### Plot the count of different variant types in the database

1. Load the file from the Snakemake pipeline

In [74]:
import pandas as pd
import altair as alt

alt.data_transformers.disable_max_rows()

vartype_df = pd.read_csv('../results/all_included_variants.csv')

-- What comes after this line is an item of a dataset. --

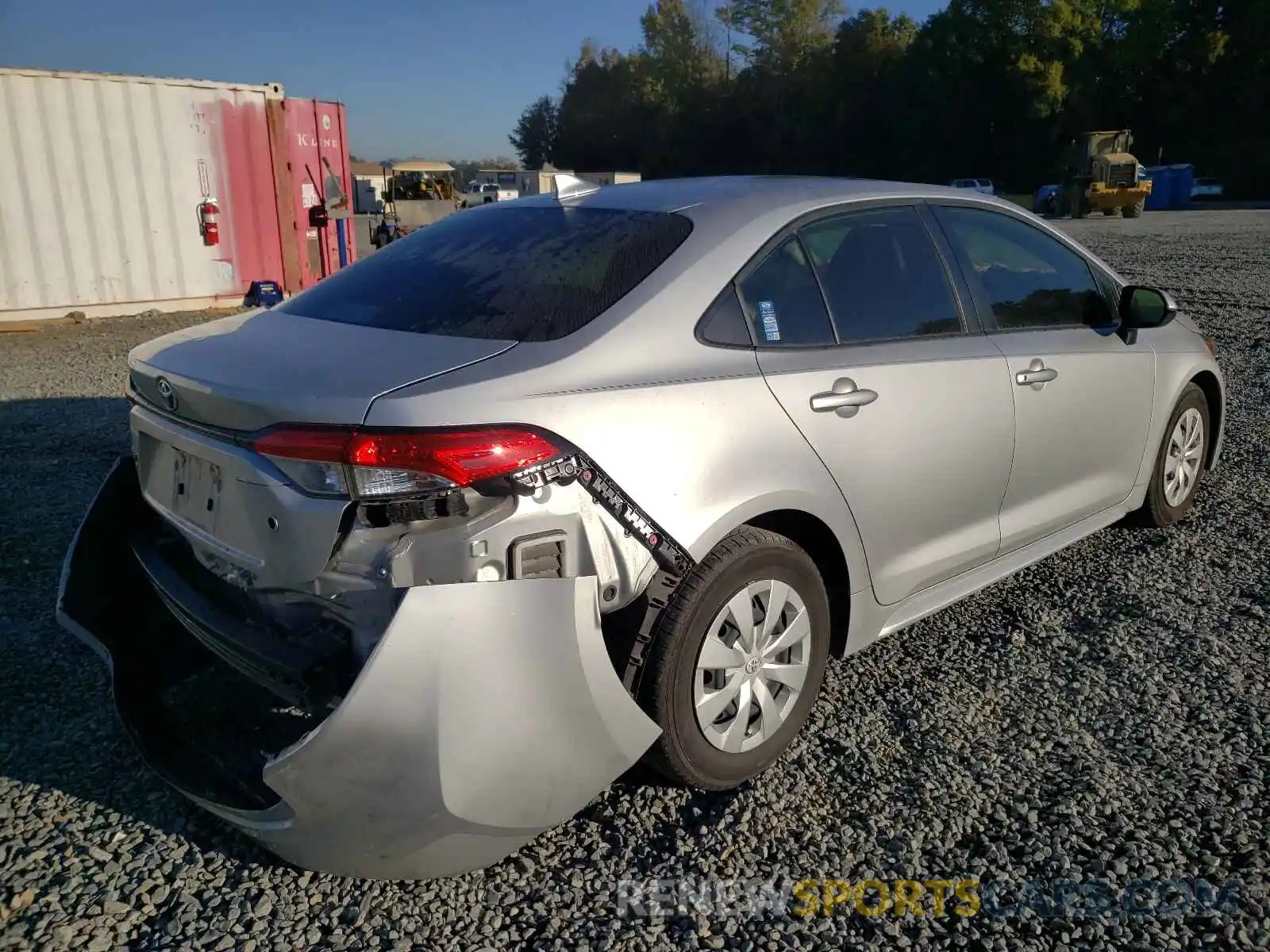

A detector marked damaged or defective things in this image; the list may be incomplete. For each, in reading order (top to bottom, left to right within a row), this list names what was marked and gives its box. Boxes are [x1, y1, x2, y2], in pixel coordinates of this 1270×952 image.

rear bumper damage [55, 457, 660, 882]
cracked tail light [251, 425, 559, 498]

2. Rename and group the variants as wanted in the plot, and make the histogram

In [75]:
variant_dict = {
    'splice_variant': 'Variant at splice site',
    'SAV': 'Substitution',
    'synonymous': 'Synonymous',
    'inframe_indel': 'In-frame insertion / deletion',
    'stop_lost': 'Stop-lost',
    'stop_gain': 'Stop-gain',
    'start_lost': 'Start-lost',
    'frameshift': 'Frameshift'
}

def format_variant_types(vt):
    if ('|' in vt):
        all_vt = vt.split('|')
        unique_vt = list(dict.fromkeys([t.split('_after_fs',1)[0] for t in all_vt]))
        if (len(unique_vt) == 1):
            return variant_dict[unique_vt[0]]
        if (all([ t.endswith('after_fs') for t in all_vt ])):
            return 'Variant after frameshift'
        elif (any([ t.endswith('after_fs') for t in all_vt ])):
            return 'Context-dependent (frameshift)'
        else:
            return 'Context-dependent (splicing)'
    else:
        if (vt.endswith('after_fs')):
            return 'Variant after frameshift'
        else:
            return variant_dict[vt]
        
vartype_df['variant_conseq'] = vartype_df['possible_conseq'].apply(format_variant_types)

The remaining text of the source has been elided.